Work to complete. Repeat exactly the lines below, from the line containing "Square Abstract Coffee" through the last line, both included. Leave out any pictures.

Data extracts.

* * * *

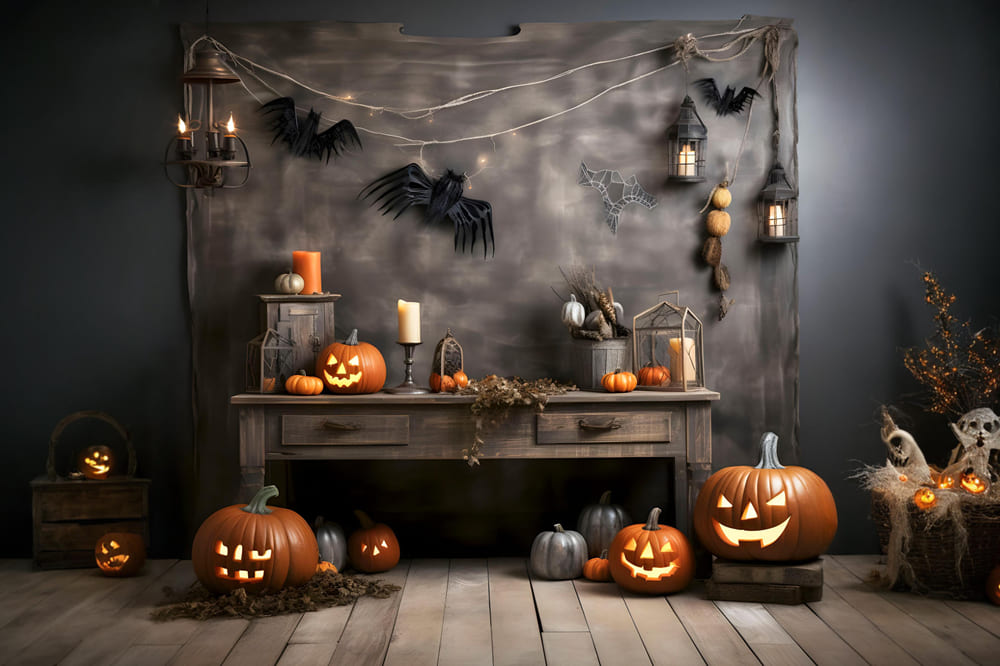 Toile de Fond de Photographie de Lanternes Citrouilles d'Halloween RR7-104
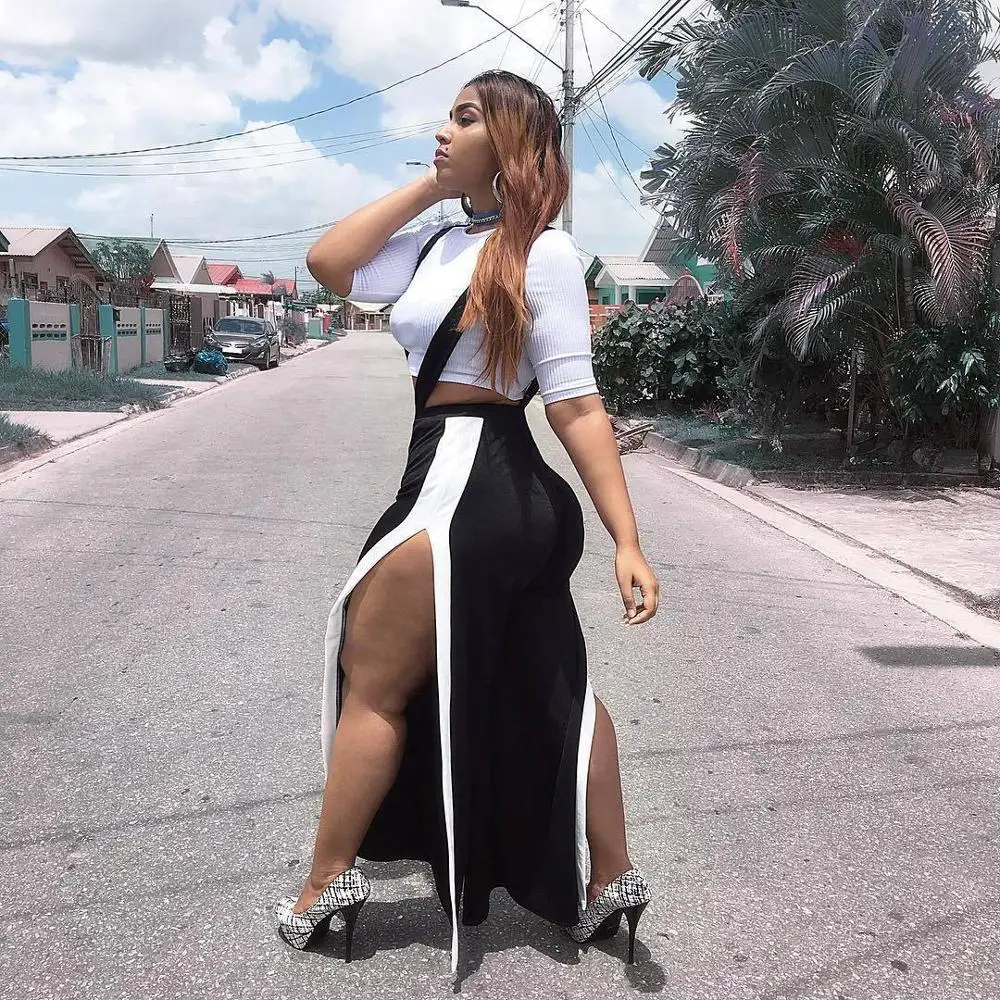 

2020 Newon Summer Office Lady White O Neck Half Sleeve Short T-shirt And Split Side Overalls Wide-leg Trousers Women Suit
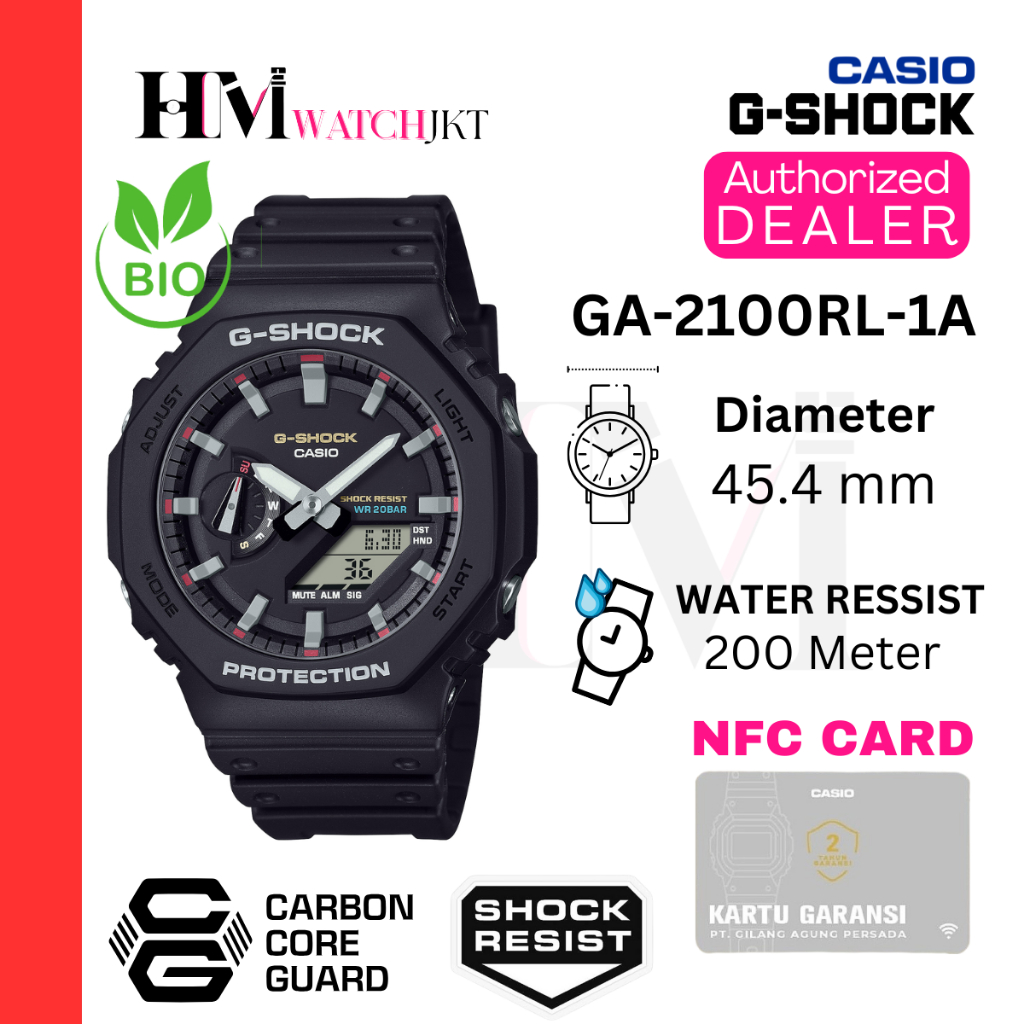 CASIO G-SHOCK GA-2100RL-1ADR Jam Tangan Pria Original Analog-Digital Rubber Antiair GA-2100RL-1A GA2
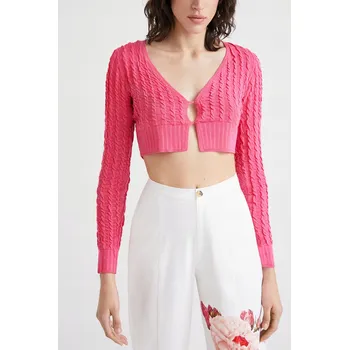 Dámský svetr DESIGUAL RŮŽOVÝ KRÁTKÝ SVETR NA KNOFLÍKY (L)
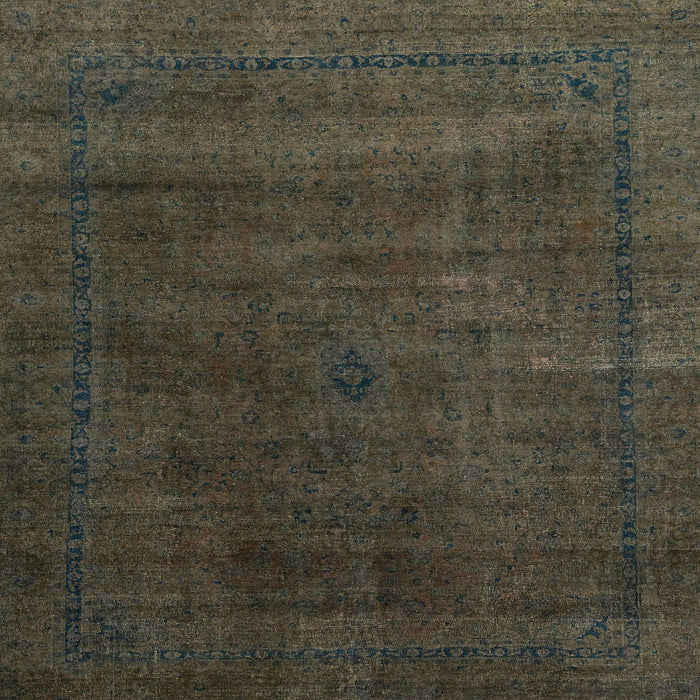 Square Abstract Coffee Brown Modern Rug, abs2792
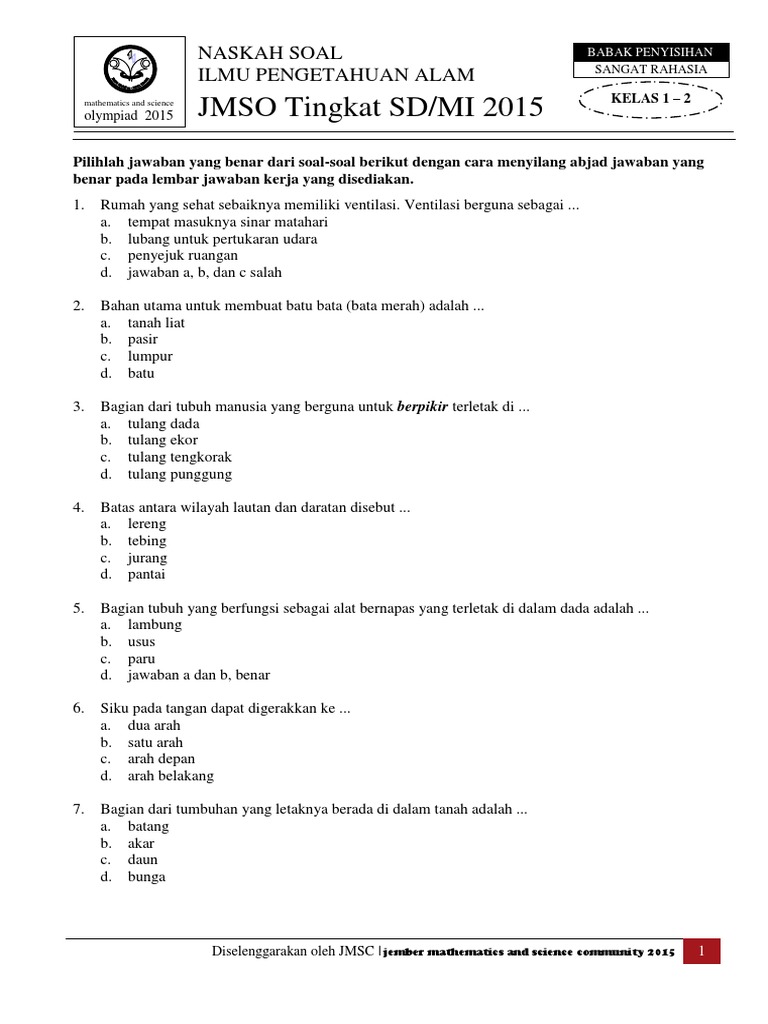 Jmso Soal Babak Penyisihan Level 1 Ipa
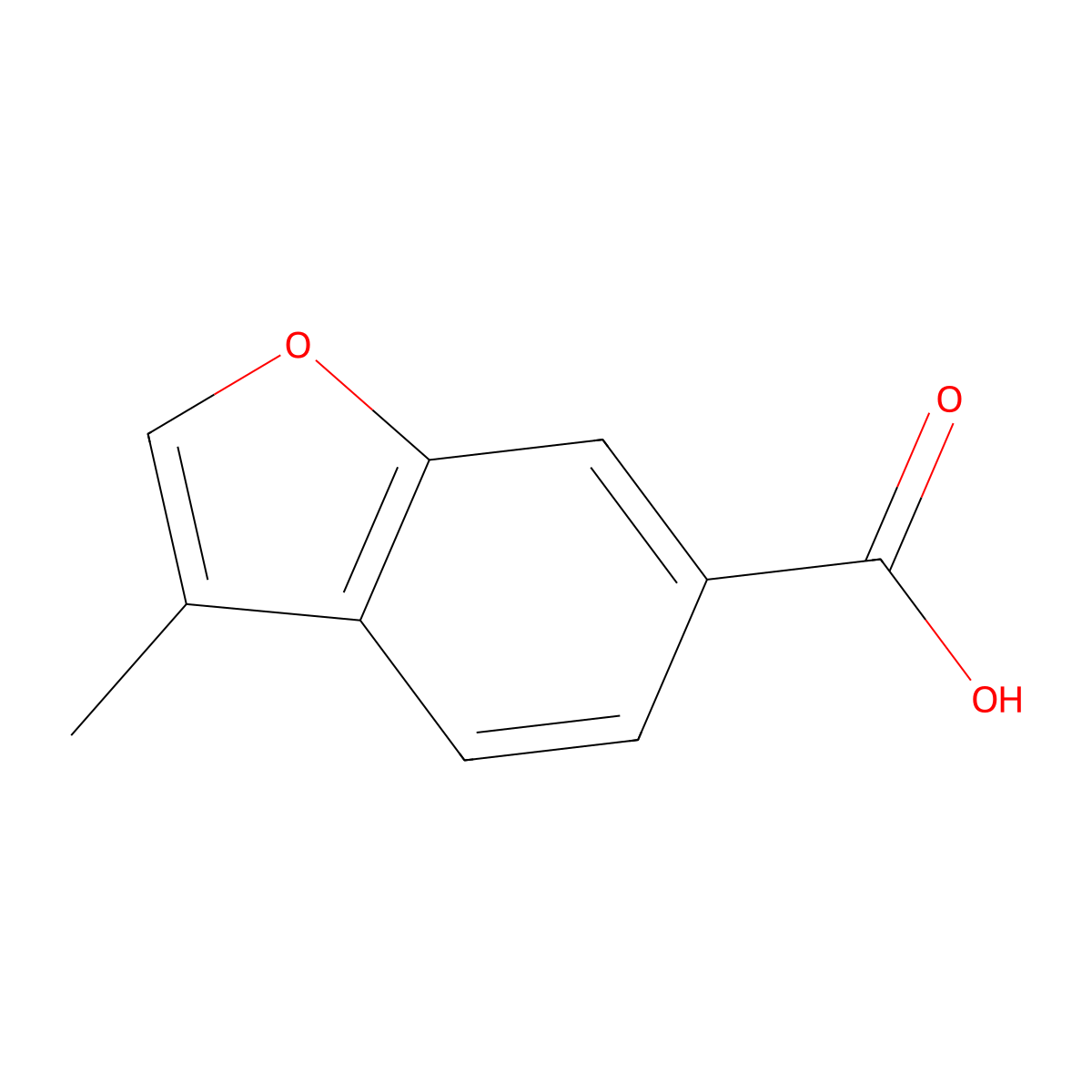 3-Methyl-1-benzofuran-6-carboxylic acid molecular structure, CAS 501892-72-4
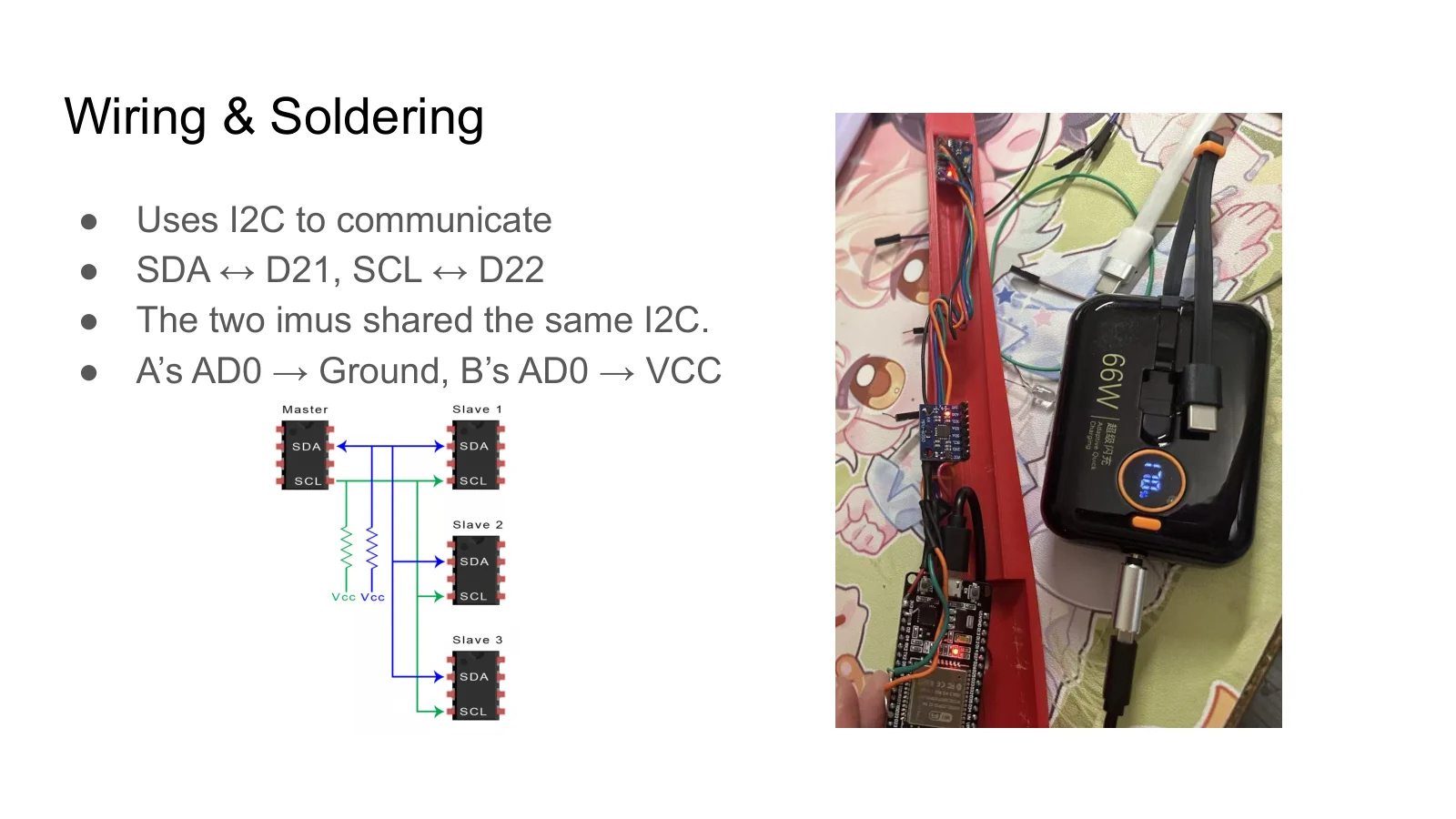 Two MPU-6050s share one I2C bus (0x68 / 0x69) and stream over BLE.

* * * *

Answer for this exercise.
 Square Abstract Coffee Brown Modern Rug, abs2792
 Jmso Soal Babak Penyisihan Level 1 Ipa
 3-Methyl-1-benzofuran-6-carboxylic acid molecular structure, CAS 501892-72-4
 Two MPU-6050s share one I2C bus (0x68 / 0x69) and stream over BLE.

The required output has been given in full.